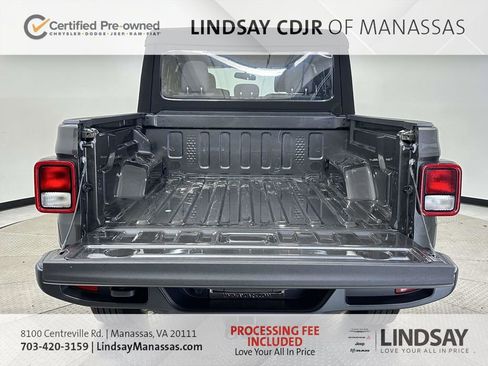 Used 2024 Jeep Gladiator Sport AWD/4WD image 12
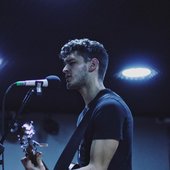 🎸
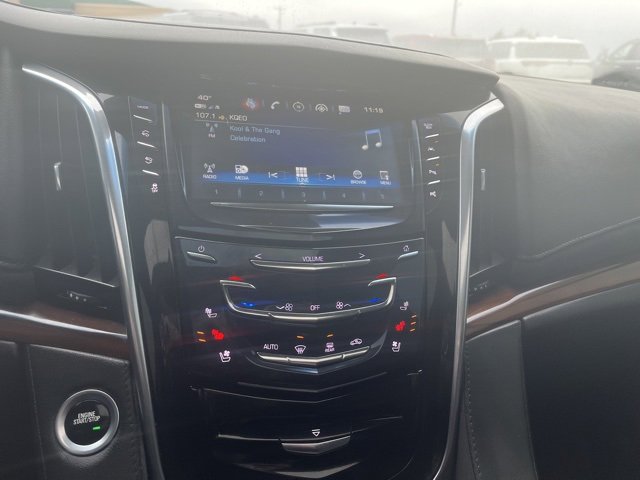 Used 2019 Cadillac Escalade ESV Luxury image 39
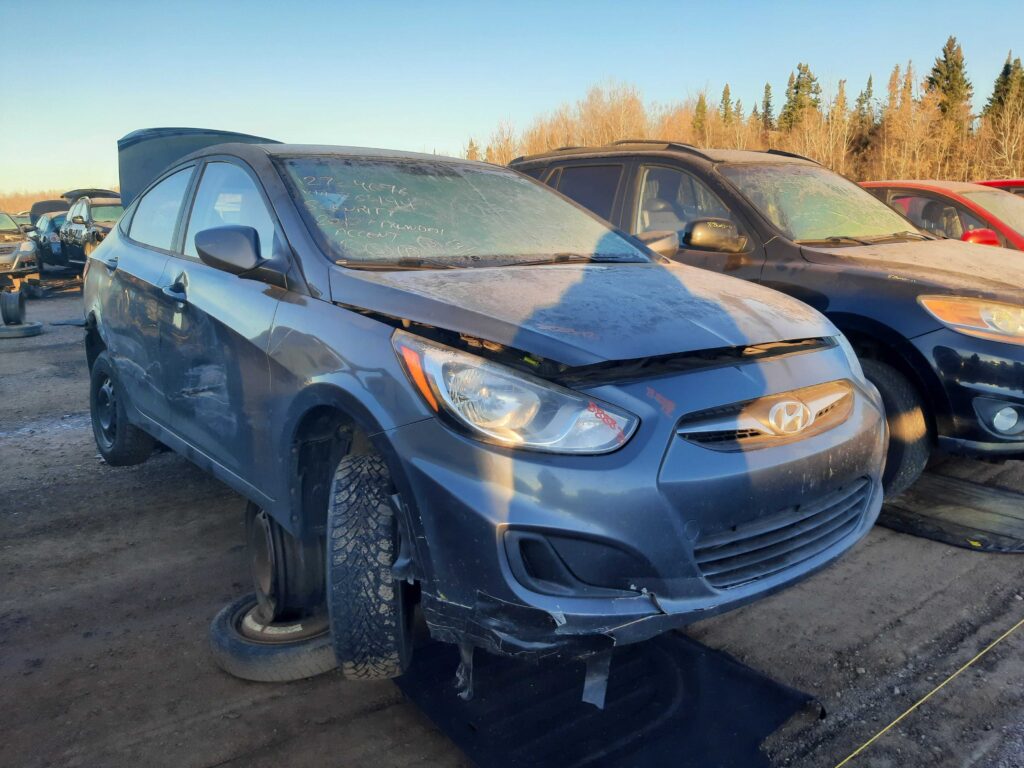 HYUNDAI ACCENT 2012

□ □ □ □

**What the exercise asks:**
Retype the whole listing above exactly as written. Skip the pictures.

**Expected output:**
 Used 2024 Jeep Gladiator Sport AWD/4WD image 12
 🎸
 Used 2019 Cadillac Escalade ESV Luxury image 39
 HYUNDAI ACCENT 2012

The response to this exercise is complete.